I know it happens, there’s plenty of male celebrities out there on their 5th marriage or so having kids way into their 70s with 30 year olds but..when its happening in your family it obviously feels different. I think I could handle it even if there were a 25 year gap and she were almost 40, this just feels so wrong. He’s shown me a picture of her. She looks like she could be one of my friend’s younger sisters.

Ultimately I know its his life, he's an adult and deserves to be happy doing whatever he wants. Its just that its been almost a year now and if anything I'm getting more anxious at the thought, rather than it 'sinking in' as these things often do once time goes on.

Any advice gratefully received.

OP posts:
InsertFunnyUsername · 26/04/2019 11:54

No advice OP but just thought i would say, i probably would feel exactly the same as you. No offence either but i would be embarrassed to speak about it to friends or people judging, so speaking to someone who don't know you, your family is a good idea and something i would do.

PicsInRed · 26/04/2019 12:19

I imagine it would feel like a violation of the special place you have in his life. You are a much younger woman than him and his daughter. He has taken on another much younger woman, practically sexualised that place in his life and made her a significant feature of it.

I have a sense that there would be a feeling of being replaced in a way that you couldn't (and obviously wouldn't want to) replicate. That your relationship with your dad wasn't as special as you thought? Flowers

Thymeout · 26/04/2019 12:23

I think it's understandable to feel the way you do. 'Young enough to be his own daughter' is the common phrase used in this situation. Deep down it trespasses on the incest taboo. If he has sexual feelings about a girl of that age, how does he feel about you?

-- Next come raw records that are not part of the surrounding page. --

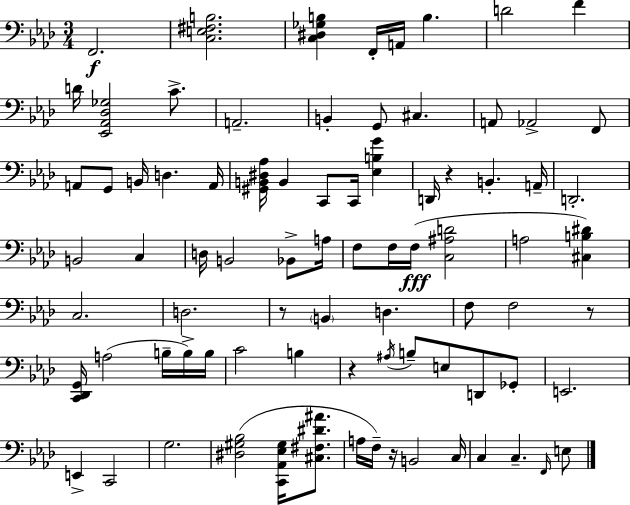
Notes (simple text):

F2/h. [C3,E3,F#3,B3]/h. [C3,D#3,Gb3,B3]/q F2/s A2/s B3/q. D4/h F4/q D4/s [Eb2,Ab2,Db3,Gb3]/h C4/e. A2/h. B2/q G2/e C#3/q. A2/e Ab2/h F2/e A2/e G2/e B2/s D3/q. A2/s [G#2,B2,D#3,Ab3]/s B2/q C2/e C2/s [Eb3,B3,G4]/q D2/s R/q B2/q. A2/s D2/h. B2/h C3/q D3/s B2/h Bb2/e A3/s F3/e F3/s F3/s [C3,A#3,D4]/h A3/h [C#3,B3,D#4]/q C3/h. D3/h. R/e B2/q D3/q. F3/e F3/h R/e [C2,Db2,G2]/s A3/h B3/s B3/s B3/s C4/h B3/q R/q A#3/s B3/e E3/e D2/e Gb2/e E2/h. E2/q C2/h G3/h. [D#3,G#3,Bb3]/h [C2,Ab2,Eb3,G#3]/s [C#3,F#3,D#4,A#4]/e. A3/s F3/s R/s B2/h C3/s C3/q C3/q. F2/s E3/e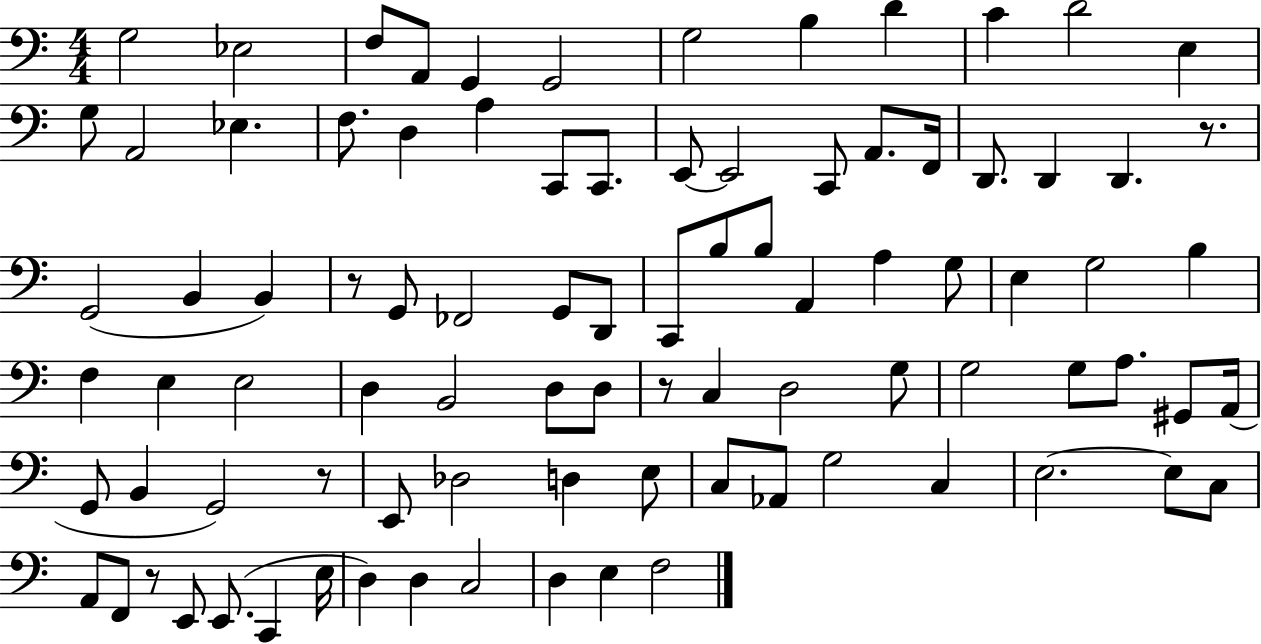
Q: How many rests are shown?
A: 5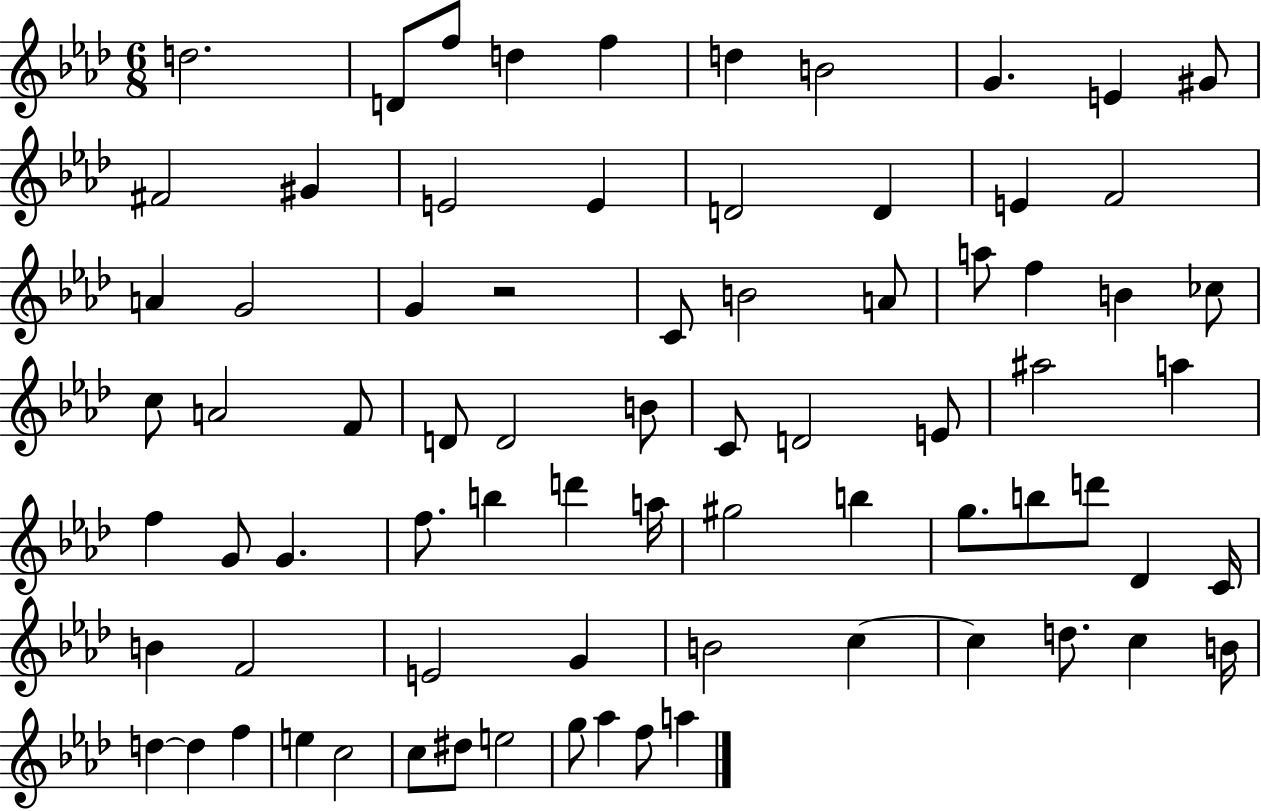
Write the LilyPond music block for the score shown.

{
  \clef treble
  \numericTimeSignature
  \time 6/8
  \key aes \major
  d''2. | d'8 f''8 d''4 f''4 | d''4 b'2 | g'4. e'4 gis'8 | \break fis'2 gis'4 | e'2 e'4 | d'2 d'4 | e'4 f'2 | \break a'4 g'2 | g'4 r2 | c'8 b'2 a'8 | a''8 f''4 b'4 ces''8 | \break c''8 a'2 f'8 | d'8 d'2 b'8 | c'8 d'2 e'8 | ais''2 a''4 | \break f''4 g'8 g'4. | f''8. b''4 d'''4 a''16 | gis''2 b''4 | g''8. b''8 d'''8 des'4 c'16 | \break b'4 f'2 | e'2 g'4 | b'2 c''4~~ | c''4 d''8. c''4 b'16 | \break d''4~~ d''4 f''4 | e''4 c''2 | c''8 dis''8 e''2 | g''8 aes''4 f''8 a''4 | \break \bar "|."
}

It's not rational, but a primitive instinct. Unfortunately, it's also quite common for men of your df's age to turn to someone much younger to get the sexual charge they need to function in the same way they did when they were young.

I agree with pp about seeing a counsellor. It's a tricky situation that is affecting your everyday life and you really need a professional to help you sort out your emotions.

TheSunIsShining19 · 26/04/2019 12:33

My father decided to get with my best friend. A 30 age year gap.

I was disgusted to say the least.

It has obviously ruined our relationship and we have never spoken since.

I feel for you OP. My siblings and I are still very upset about it, even though it's years since they got together. It effected us all massively.

In our eyes it was basically paedophilic.

How could our father, see us all be born, change our nappies, watch us all grow up and then be sexually attracted to somebody younger than us all. He nor her were fazed at all by it, but my siblings and I had constant ridicule from people saying 'how weird it was' 'they were both freaks' etc..we were so utterly ashamed and embarrassed.

You are much braver than us, to speak to him..we just couldn't forgive..

I would advise you speak to a councillor maybe?
We miss the dad we grew up with everyday, maybe we should of all had professional help..
All I can do is give you a hand hold, and let you know i know exactly how you feel xx

NameChangeNugget · 26/04/2019 12:39

I do think there’s much you can do here.

Just wish him well

Prawnofthepatriarchy · 26/04/2019 12:41

My SIL has this situation His DF married her and SIL now has a sibling years younger than his own DC.

The new wife is lovely, so that's good, but my SIL bumped into his DF out with another woman when his young wife was pregnant. DF is a relentless cheat.

Not surprisingly my SIL has a low opinion of his DF. Everyone is fond of the poor new wife and DC though.